Environmental Poetry in the Time of Climate Crisis
OCTOBER 3rd • CHAMPLAIN COLLEGE
Alison Hawthorne Deming
Jody Gladding
Jane Hirshfield
Bill McKibben
Nalini Nadkarni
A Sundog Poetry symposium on ecopoetics
Join us as we explore the necessary intersection between two vital workshops of the intellect and imagination: poetry and science. We live in a time of climate crisis and mass extinction, a time that is both impossible to comprehend and difficult to discuss. It is with this in mind that we have gathered significant voices in the fields of environmental science and poetry, Nalini Nadkarni, Bill McKibben, Jody Gladding, Jane Hirshfield, and Alison Hawthorne Deming, for an afternoon of critical conversation. By bringing together poets and scientists, we will demonstrate how the humanities can help translate scientific understanding into cultural meaning and moral imperative. We need every tool at our disposal to face what we must face and continue a conversation that builds community and leads to meaningful action.

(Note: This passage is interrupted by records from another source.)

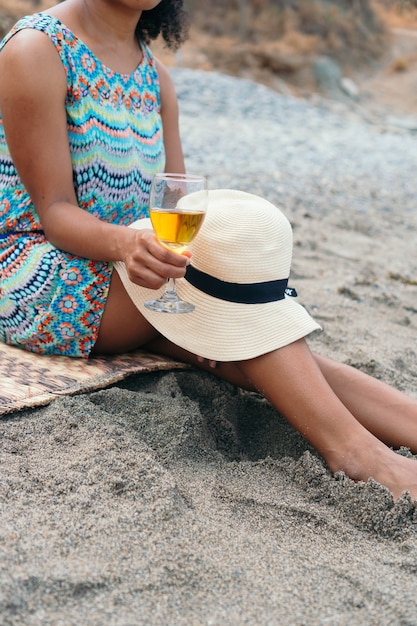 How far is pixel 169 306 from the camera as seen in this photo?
96.4 inches

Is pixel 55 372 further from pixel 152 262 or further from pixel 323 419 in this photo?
pixel 323 419

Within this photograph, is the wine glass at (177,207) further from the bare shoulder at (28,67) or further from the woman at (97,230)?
the bare shoulder at (28,67)

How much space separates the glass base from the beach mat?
49 centimetres

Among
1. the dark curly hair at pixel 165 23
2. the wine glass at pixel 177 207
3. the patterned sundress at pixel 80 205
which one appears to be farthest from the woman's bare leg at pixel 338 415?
the dark curly hair at pixel 165 23

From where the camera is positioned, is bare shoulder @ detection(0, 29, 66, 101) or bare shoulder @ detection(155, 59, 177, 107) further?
bare shoulder @ detection(155, 59, 177, 107)

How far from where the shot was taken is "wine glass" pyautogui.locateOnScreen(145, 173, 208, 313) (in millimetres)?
2199

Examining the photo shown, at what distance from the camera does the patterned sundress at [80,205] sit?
112 inches

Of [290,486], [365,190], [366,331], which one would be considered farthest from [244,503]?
[365,190]

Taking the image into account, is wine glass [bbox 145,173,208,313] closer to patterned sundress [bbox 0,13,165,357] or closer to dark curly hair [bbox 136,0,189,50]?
patterned sundress [bbox 0,13,165,357]

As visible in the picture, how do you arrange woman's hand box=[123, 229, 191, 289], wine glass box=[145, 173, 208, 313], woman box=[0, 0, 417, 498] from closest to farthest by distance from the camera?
wine glass box=[145, 173, 208, 313] < woman's hand box=[123, 229, 191, 289] < woman box=[0, 0, 417, 498]

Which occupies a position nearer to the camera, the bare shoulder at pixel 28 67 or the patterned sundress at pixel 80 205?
the bare shoulder at pixel 28 67

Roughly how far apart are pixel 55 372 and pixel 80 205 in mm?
633

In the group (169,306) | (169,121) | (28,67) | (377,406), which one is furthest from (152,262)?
(169,121)

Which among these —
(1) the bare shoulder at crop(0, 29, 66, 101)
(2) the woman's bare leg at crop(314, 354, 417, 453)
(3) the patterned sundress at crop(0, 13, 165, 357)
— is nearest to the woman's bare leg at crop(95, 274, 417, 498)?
(2) the woman's bare leg at crop(314, 354, 417, 453) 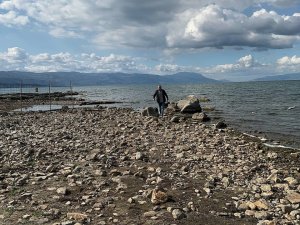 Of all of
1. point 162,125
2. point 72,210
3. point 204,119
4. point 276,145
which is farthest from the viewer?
point 204,119

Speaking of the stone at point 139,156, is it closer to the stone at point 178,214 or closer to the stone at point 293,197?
the stone at point 178,214

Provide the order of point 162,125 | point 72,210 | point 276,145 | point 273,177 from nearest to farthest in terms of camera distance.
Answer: point 72,210 < point 273,177 < point 276,145 < point 162,125

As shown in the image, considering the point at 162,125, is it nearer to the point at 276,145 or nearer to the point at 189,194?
the point at 276,145

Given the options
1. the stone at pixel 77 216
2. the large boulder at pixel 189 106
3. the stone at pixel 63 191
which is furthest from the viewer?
the large boulder at pixel 189 106

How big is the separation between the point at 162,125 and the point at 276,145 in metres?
9.42

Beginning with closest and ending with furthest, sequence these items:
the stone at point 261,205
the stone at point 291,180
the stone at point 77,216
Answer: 1. the stone at point 77,216
2. the stone at point 261,205
3. the stone at point 291,180

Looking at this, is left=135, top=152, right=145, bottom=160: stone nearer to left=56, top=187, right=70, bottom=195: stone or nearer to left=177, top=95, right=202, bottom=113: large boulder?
left=56, top=187, right=70, bottom=195: stone

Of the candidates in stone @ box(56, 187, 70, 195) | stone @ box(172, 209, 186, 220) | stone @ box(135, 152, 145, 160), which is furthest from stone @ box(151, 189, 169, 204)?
stone @ box(135, 152, 145, 160)

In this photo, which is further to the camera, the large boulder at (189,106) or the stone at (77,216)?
the large boulder at (189,106)

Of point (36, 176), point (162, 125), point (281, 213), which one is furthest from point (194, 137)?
point (281, 213)

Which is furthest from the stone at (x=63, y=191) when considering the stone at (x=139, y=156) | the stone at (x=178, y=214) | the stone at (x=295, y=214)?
the stone at (x=295, y=214)

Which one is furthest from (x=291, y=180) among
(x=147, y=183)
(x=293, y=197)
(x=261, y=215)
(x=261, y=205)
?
(x=147, y=183)

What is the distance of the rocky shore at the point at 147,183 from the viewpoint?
9320mm

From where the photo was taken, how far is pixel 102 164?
47.2 feet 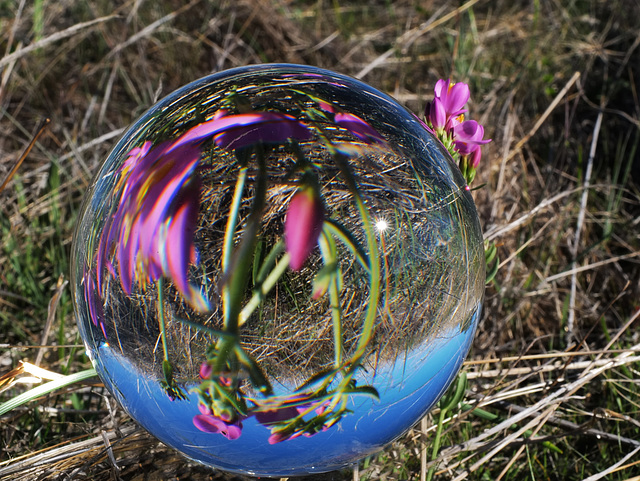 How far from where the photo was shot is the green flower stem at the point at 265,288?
934mm

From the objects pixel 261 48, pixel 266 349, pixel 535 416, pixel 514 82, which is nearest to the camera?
pixel 266 349

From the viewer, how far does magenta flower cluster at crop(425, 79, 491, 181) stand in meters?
1.33

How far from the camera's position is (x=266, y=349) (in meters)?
0.97

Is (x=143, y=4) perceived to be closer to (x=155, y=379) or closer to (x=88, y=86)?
(x=88, y=86)

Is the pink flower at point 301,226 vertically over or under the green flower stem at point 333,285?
over

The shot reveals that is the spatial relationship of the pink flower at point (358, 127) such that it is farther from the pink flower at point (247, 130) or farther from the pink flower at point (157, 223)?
the pink flower at point (157, 223)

This event, held at the Champlain Room at Champlain College on Friday, October 3, 2025, will include a moderated panel discussion, a poetry and prose reading, and programming for student environmental groups and writing workshops. We aim to explore how the mutual powers of poetry and science can connect us to the environment, to our obligations to the earth and to the future.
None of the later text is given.